ASSIGNMENT: Without the pictures, set down every line of the data exactly.
── PROVIDED MATERIAL
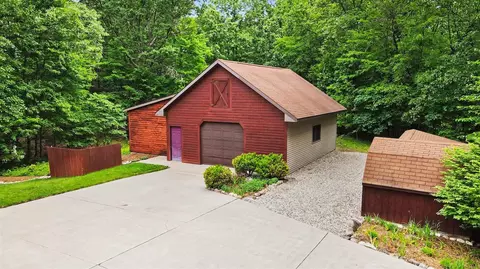Exterior - 655 Auburn, Ada, MI 49301 photo 4 of 13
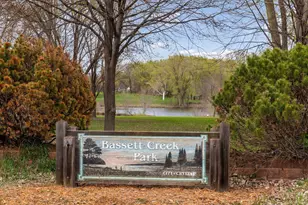 2595 Vale Crest Rd, Golden Valley, MN 55422 - Photo 52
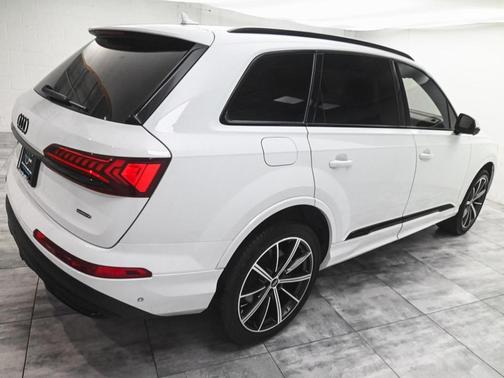 2023 Audi Q7 55 Premium Plus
────
WRITTEN ANSWER:
Exterior - 655 Auburn, Ada, MI 49301 photo 4 of 13
 2595 Vale Crest Rd, Golden Valley, MN 55422 - Photo 52
 2023 Audi Q7 55 Premium Plus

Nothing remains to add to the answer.